Authors: Ziming Liu, Yizhou Liu, Eric J. Michaud, Jeff Gore, Max Tegmark
Abstract: We aim to understand physics of skill learning, i.e., how skills are learned
in neural networks during training. We start by observing the Domino effect,
i.e., skills are learned sequentially, and notably, some skills kick off
learning right after others complete learning, similar to the sequential fall
of domino cards. To understand the Domino effect and relevant behaviors of
skill learning, we take physicists’ approach of abstraction and simplification.
We propose three models with varying complexities — the Geometry model, the
Resource model, and the Domino model, trading between reality and simplicity.
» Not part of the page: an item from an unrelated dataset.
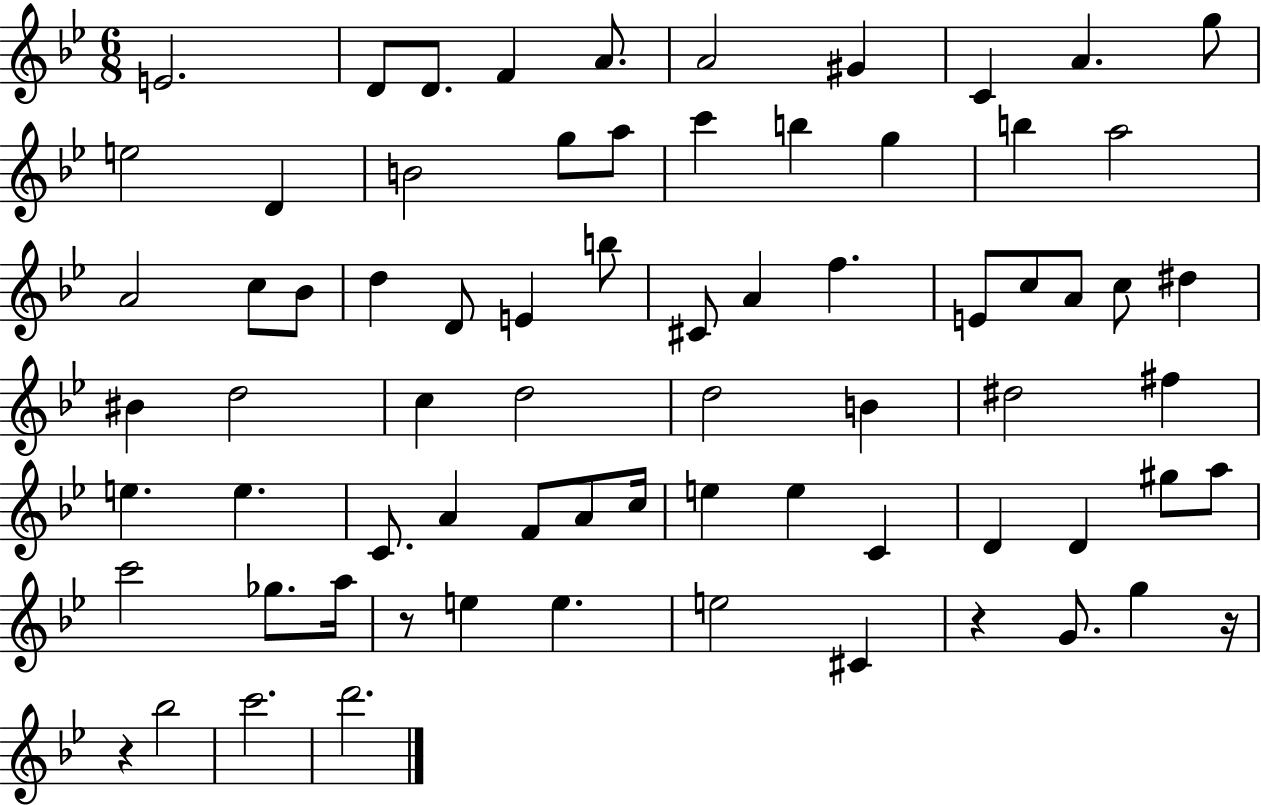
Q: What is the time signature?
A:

The Domino effect can be reproduced in the Geometry model, whose resource
interpretation inspires the Resource model, which can be further simplified to
the Domino model. These models present different levels of abstraction and
simplification; each is useful to study some aspects of skill learning. The
Geometry model provides interesting insights into neural scaling laws and
optimizers; the Resource model sheds light on the learning dynamics of
compositional tasks; the Domino model reveals the benefits of modularity. These
models are not only conceptually interesting — e.g., we show how Chinchilla
scaling laws can emerge from the Geometry model, but also are useful in
practice by inspiring algorithmic development — e.g., we show how simple
algorithmic changes, motivated by these toy models, can speed up the training
of deep learning models.
Source: http://arxiv.org/abs/2501.12391v1